In this case, the Aarhus Convention Compliance Committee at the United Nations Economic Commission for Europe in Geneva heard a communication by Mrs Condron (represented by Richard Buxton Environmental and Public Law) alleging that the UK had committed various breaches of the Aarhus Convention in connection with her failed High Court challenge to a planning permission granted by Merthyr Tydfil Borough Council to Miller Argent (South Wales) Ltd in respect of a coal disposal point in Merthyr Tydfil.
This was only the third such hearing involving the UK and raised several issues of fundamental importance to future environmental litigation, including:
- the compatibility with the costs regime in England and Wales with the Convention;
- whether the Convention means that the Courts should have an enhanced jurisdiction to review the planning judgments of decision-makers;
- whether the acts of private individuals and companies are bound by the Convention in some circumstances;
- whether the Convention should be interpreted so as to be compatible with customary international law and/or the European Convention on Human Rights.

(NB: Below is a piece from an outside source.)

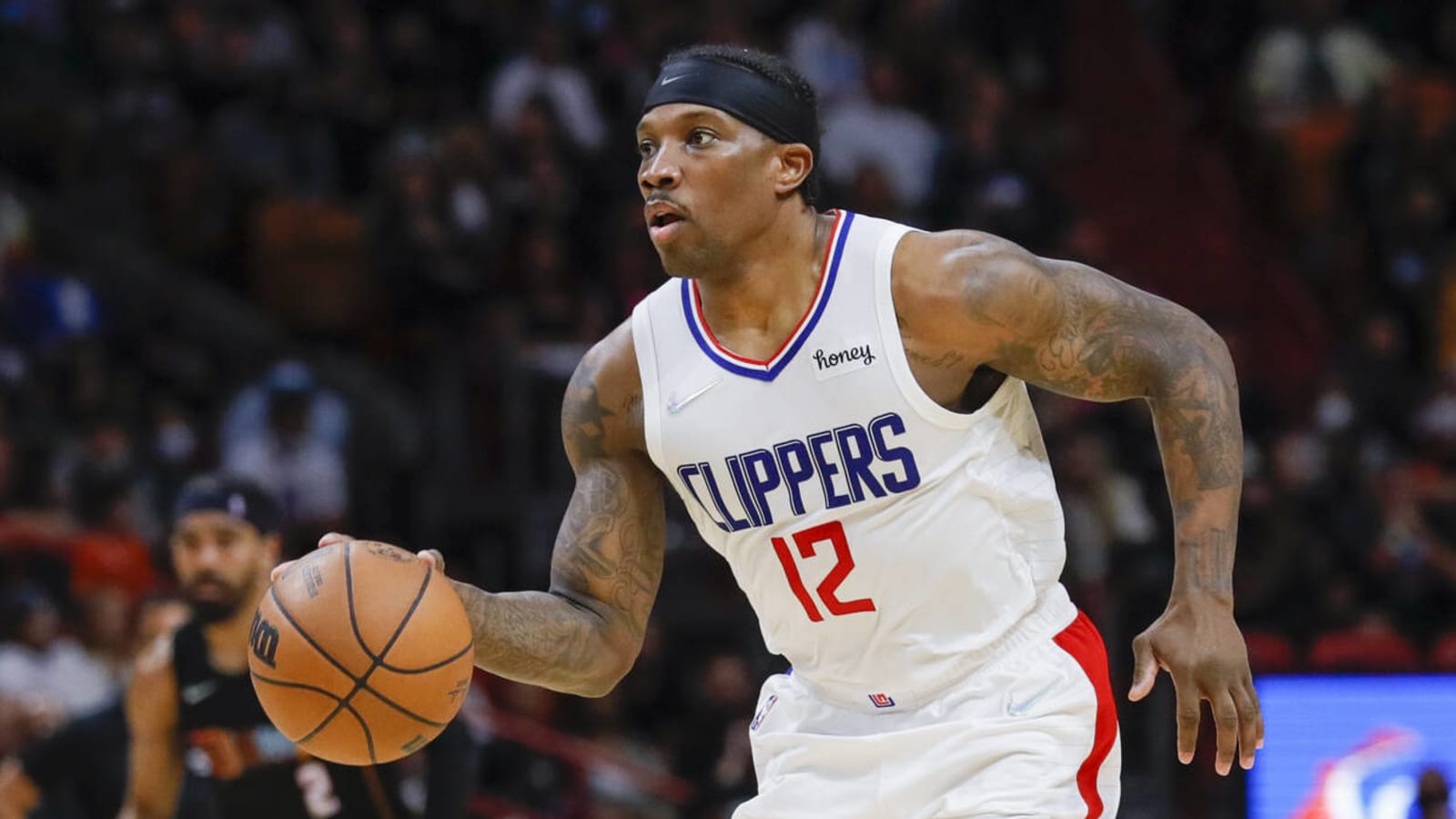 Longtime NBA guard re-signs with team in China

The Committee had previously made a preliminary determination that the complaint was admissible. However, having heard oral argument, the Committee took the exceptional step of reversing that preliminary decision and declared the communication inadmissible on the basis that it was “manifestly unreasonable”. The Committee’s written report is available here.
Charles Banner appeared as sole counsel for Miller Argent (South Wales) Ltd, who successfuly opposed the communication (instructed by DLA Piper UK LLP).